**How to complete this task**
Only the lines from the one holding "Certified 20 Carat" through the end of the material are to be repeated, exactly and without pictures.

**Input data**
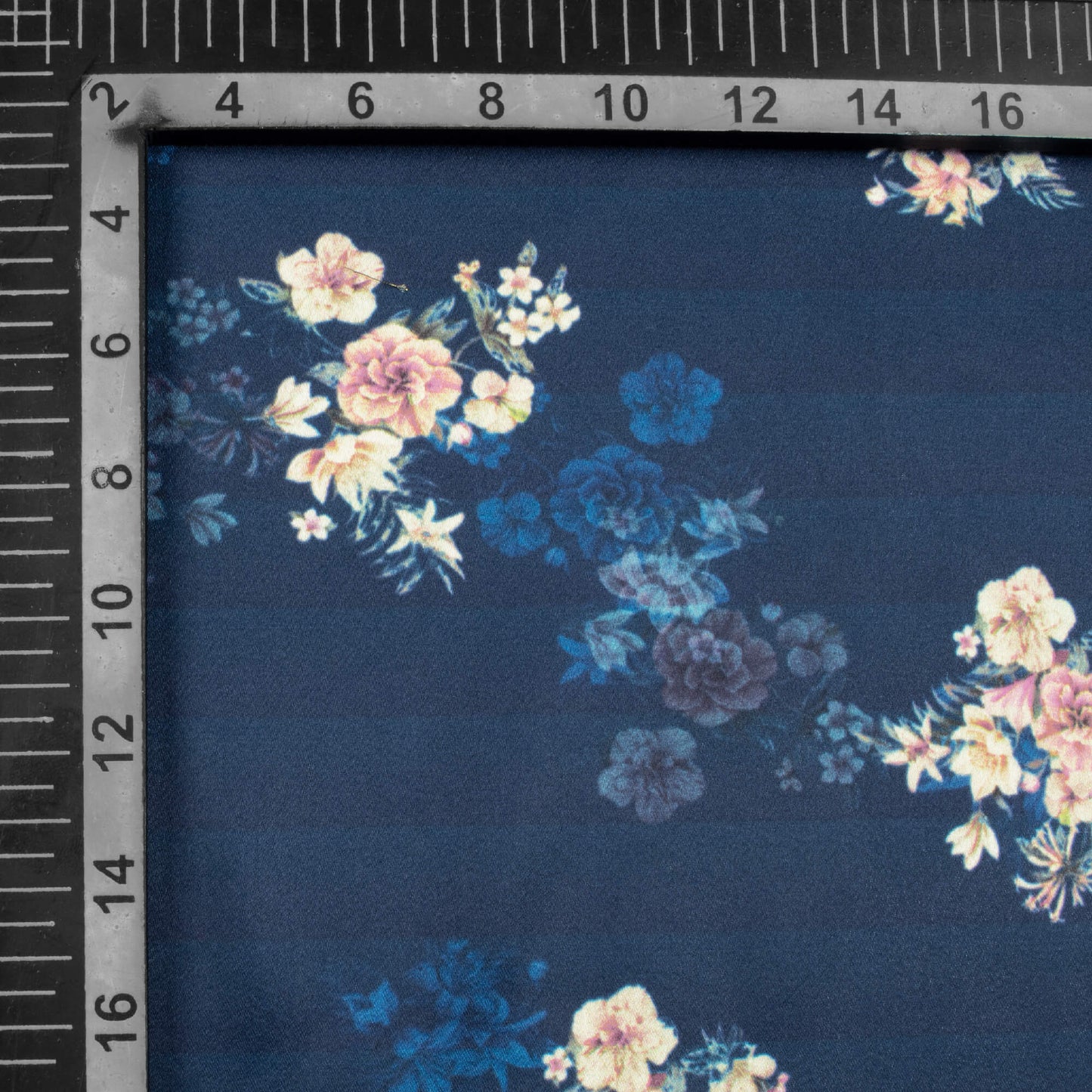 Navy Blue And Taffy Pink Floral Pattern Digital Print Japan Satin Fabric - Fabcurate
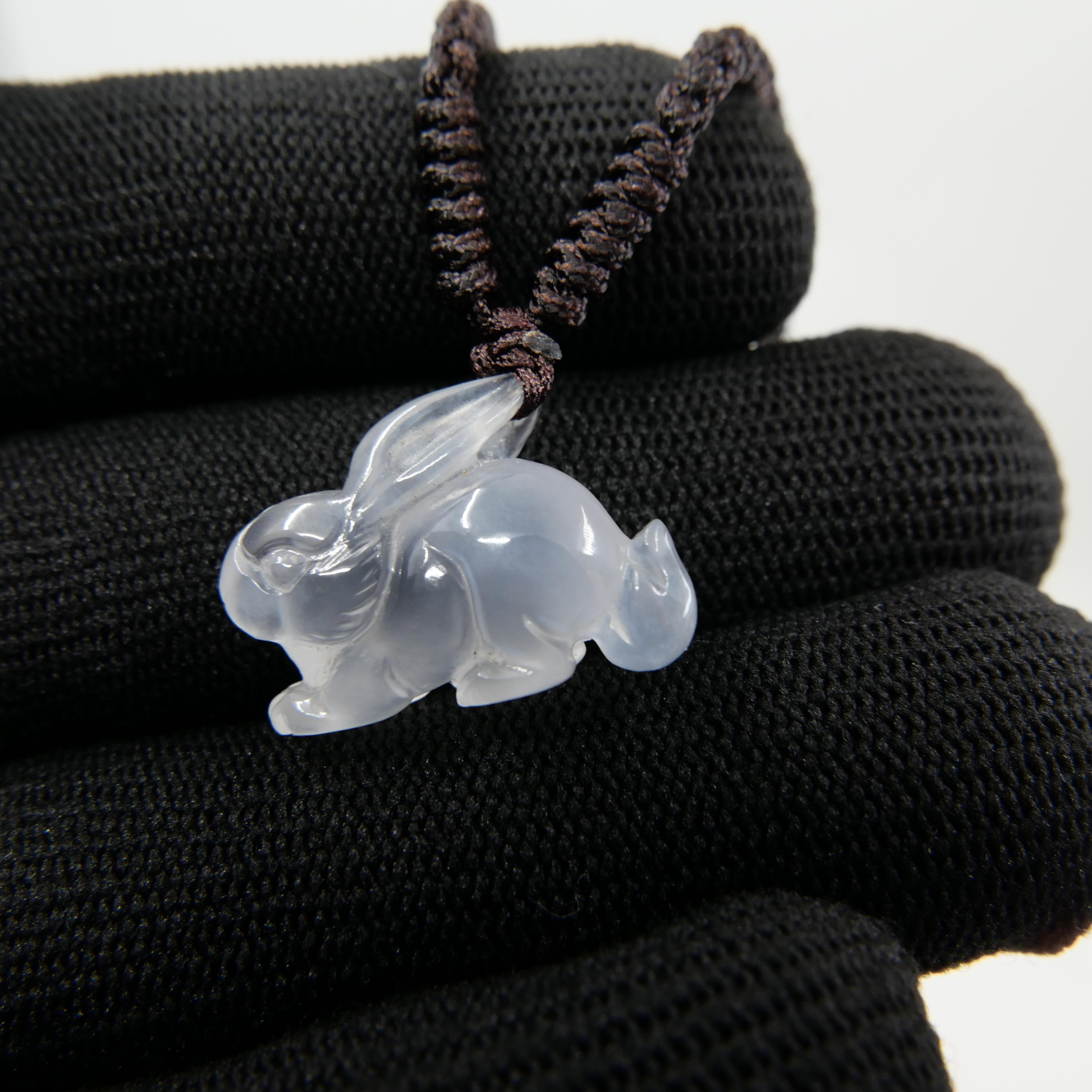 Certified 20 Carat Icy Jade Rabbit Pendant Necklace, Pure Ice, Beyond Special 8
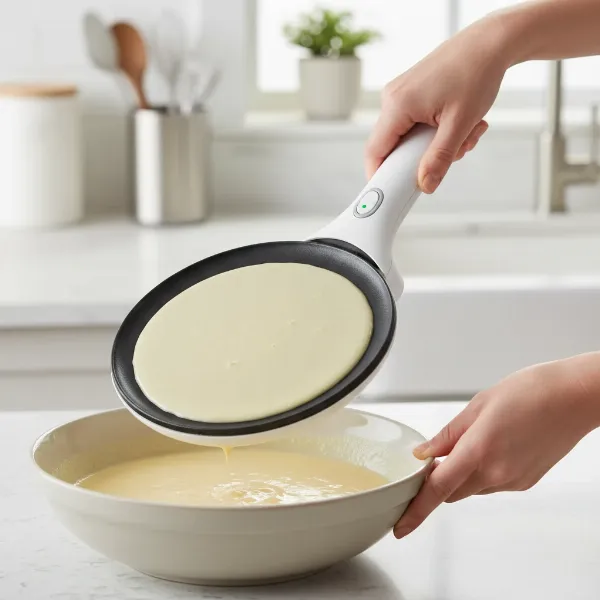 A person demonstrating a handheld dipping style electric crepe maker, showing the non-stick pan.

**Result of the exercise**
 Certified 20 Carat Icy Jade Rabbit Pendant Necklace, Pure Ice, Beyond Special 8
 A person demonstrating a handheld dipping style electric crepe maker, showing the non-stick pan.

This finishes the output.